Articles de presse

Vers un français local au Grand Maghreb

A l'heure où l'on écrit ces lignes sur la francophonie au Maghreb, on ne peut ne pas rapporter une information capitale pour la langue française dans cette partie du monde.

En effet, les médias maghrébins, notamment francophones, ont largement commenté la récente décision de l'Etat libyen de réintroduire les langues étrangères dans le système éducatif. Le français aura désormais, dans les écoles libyennes, droit de cité aux côtés d'autres langues étrangères. La Libye demeurait le seul pays de l'U.M.A. (Union du Maghreb Arabe) à être réfractaire à la langue de Molière.

Alors que le français est une langue étrangère privilégiée au Maroc, en Algérie, en Tunisie et en Mauritanie, il n'a pratiquement aucune existence en Libye. Les raisons historiques relatives à l'ex-puissance coloniale ne sont pas les seules à être responsables de cet état de fait. Nous avons expliqué ailleurs (Quitout 2005 et suiv.) que le français, dans ce pays peu connu et peu étudié, a traversé deux grandes périodes : la première commence à la fin de la colonisation italienne en 1951, traverse la période de la royauté et s'achève vers le milieu des années 80 ; la seconde va du milieu des années 80 jusqu'à nos jours.

Durant la première période, le français jouissait d'un statut privilégié dans la société libyenne en général et dans le système éducatif en particulier. Il traversait celui-ci du secondaire jusqu'à l'université. Toute une génération de locuteurs francophones formés à cette époque, garde encore aujourd'hui, sinon une compétence élémentaire du français, du moins des souvenirs "phonétiques" qu'elle évoque avec une nostalgie bien réelle.

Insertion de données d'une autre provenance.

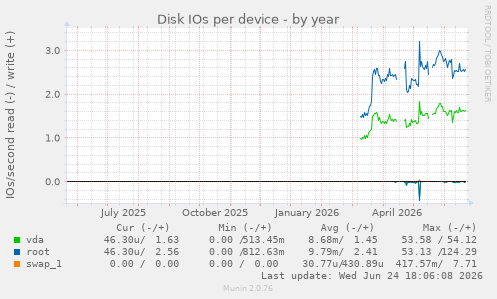 Disk IOs per device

En 1984, suite à des tensions politiques entre la Libye et l'Occident, les langues étrangères sont, du jour au lendemain, retirées des programmes de l'ensemble du cursus scolaire et universitaire1. Cette suppression durera deux ans au bout desquels l'anglais sera rétabli dans sa situation antérieure, et le français, lui, quittera alors définitivement le secondaire et ne sera maintenu qu'à l'université. Il va depuis perdre du terrain année après année au profit de l'anglais. Actuellement, les étudiants désirant se spécialiser en français n'ont leur tout premier contact avec cette langue qu'à l'université. Au bout de quatre années d'études, ils acquièrent une compétence langagière minimale sanctionnée par un diplôme de licence local. Pendant un séjour de coopération en Libye de 2002 à 2004, nous avons dénombré à peine un petit millier d'étudiants dans toutes les universités libyennes, tous niveaux confondus.

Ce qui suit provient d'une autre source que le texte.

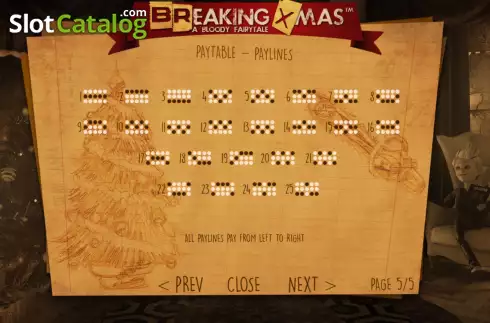Οθόνη9. Breaking Xmas Κουλοχέρης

C'est dire combien la position de cette langue était à ce point modeste dans ce pays. Dès lors, la décision historique que vient de prendre la Libye est pour la langue française une opportunité certaine de s'enrichir aussi bien en terme du nombre de locuteurs qu'en terme d'interaction avec un espace linguistique local d'une grande originalité (variétés arabes, variétés berbères, variétés africaines).

En effet, au Maghreb, le français ne peut pas ne pas interagir avec les langues locales. Il présente du coup une certaine spécificité qui fait qu'il n'existe pas un français mais des français ou, plus exactement, différentes pratiques du français. L'on assiste alors à un double continuum : un continuum intralinguistique et un autre interlinguistique. Le premier permet de passer d'une variété à une autre. On peut trouver une variété haute ou acrolecte, proche de la norme exogène et produite par une frange de la population très occidentalisée, comme on peut trouver une variété médiane ou mésolecte attestée chez la classe moyenne, comme on peut encore trouver une variété basse ou basilecte, produite par ceux qui ont appris le français "à la louche" comme on dit là-bas, c'est-à-dire "sur le tas".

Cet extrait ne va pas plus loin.